- [Short descriptive text snippets]:
....
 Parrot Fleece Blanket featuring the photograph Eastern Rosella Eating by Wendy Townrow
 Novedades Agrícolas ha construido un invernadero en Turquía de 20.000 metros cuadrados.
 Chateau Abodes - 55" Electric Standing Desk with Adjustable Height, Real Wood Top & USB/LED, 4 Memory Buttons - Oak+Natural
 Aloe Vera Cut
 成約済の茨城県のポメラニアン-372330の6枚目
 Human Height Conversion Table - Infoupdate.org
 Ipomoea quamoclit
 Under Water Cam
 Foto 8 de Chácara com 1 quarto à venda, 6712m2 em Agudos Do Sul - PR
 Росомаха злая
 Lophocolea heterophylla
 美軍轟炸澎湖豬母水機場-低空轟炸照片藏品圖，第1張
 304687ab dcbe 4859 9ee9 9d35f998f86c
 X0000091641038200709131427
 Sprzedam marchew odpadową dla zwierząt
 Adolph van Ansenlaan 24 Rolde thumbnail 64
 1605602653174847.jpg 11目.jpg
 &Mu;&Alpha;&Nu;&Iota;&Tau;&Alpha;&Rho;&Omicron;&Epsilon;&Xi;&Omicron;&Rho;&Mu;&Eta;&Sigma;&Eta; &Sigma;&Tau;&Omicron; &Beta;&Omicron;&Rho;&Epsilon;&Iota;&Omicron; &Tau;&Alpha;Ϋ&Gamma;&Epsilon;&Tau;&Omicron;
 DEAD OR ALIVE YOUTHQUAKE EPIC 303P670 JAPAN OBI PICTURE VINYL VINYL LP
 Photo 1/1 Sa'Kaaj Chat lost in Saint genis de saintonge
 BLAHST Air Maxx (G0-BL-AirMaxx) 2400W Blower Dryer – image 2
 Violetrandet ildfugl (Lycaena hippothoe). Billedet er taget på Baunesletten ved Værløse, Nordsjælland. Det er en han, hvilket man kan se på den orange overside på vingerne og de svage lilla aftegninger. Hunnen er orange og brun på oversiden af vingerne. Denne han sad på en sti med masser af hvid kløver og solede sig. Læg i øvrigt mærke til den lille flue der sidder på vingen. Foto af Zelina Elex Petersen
....
- [Task brief]:
Give back the entries exactly, so that each line matches the original.

- [Answer below]:
 Parrot Fleece Blanket featuring the photograph Eastern Rosella Eating by Wendy Townrow
 Novedades Agrícolas ha construido un invernadero en Turquía de 20.000 metros cuadrados.
 Chateau Abodes - 55" Electric Standing Desk with Adjustable Height, Real Wood Top & USB/LED, 4 Memory Buttons - Oak+Natural
 Aloe Vera Cut
 成約済の茨城県のポメラニアン-372330の6枚目
 Human Height Conversion Table - Infoupdate.org
 Ipomoea quamoclit
 Under Water Cam
 Foto 8 de Chácara com 1 quarto à venda, 6712m2 em Agudos Do Sul - PR
 Росомаха злая
 Lophocolea heterophylla
 美軍轟炸澎湖豬母水機場-低空轟炸照片藏品圖，第1張
 304687ab dcbe 4859 9ee9 9d35f998f86c
 X0000091641038200709131427
 Sprzedam marchew odpadową dla zwierząt
 Adolph van Ansenlaan 24 Rolde thumbnail 64
 1605602653174847.jpg 11目.jpg
 &Mu;&Alpha;&Nu;&Iota;&Tau;&Alpha;&Rho;&Omicron;&Epsilon;&Xi;&Omicron;&Rho;&Mu;&Eta;&Sigma;&Eta; &Sigma;&Tau;&Omicron; &Beta;&Omicron;&Rho;&Epsilon;&Iota;&Omicron; &Tau;&Alpha;Ϋ&Gamma;&Epsilon;&Tau;&Omicron;
 DEAD OR ALIVE YOUTHQUAKE EPIC 303P670 JAPAN OBI PICTURE VINYL VINYL LP
 Photo 1/1 Sa'Kaaj Chat lost in Saint genis de saintonge
 BLAHST Air Maxx (G0-BL-AirMaxx) 2400W Blower Dryer – image 2
 Violetrandet ildfugl (Lycaena hippothoe). Billedet er taget på Baunesletten ved Værløse, Nordsjælland. Det er en han, hvilket man kan se på den orange overside på vingerne og de svage lilla aftegninger. Hunnen er orange og brun på oversiden af vingerne. Denne han sad på en sti med masser af hvid kløver og solede sig. Læg i øvrigt mærke til den lille flue der sidder på vingen. Foto af Zelina Elex Petersen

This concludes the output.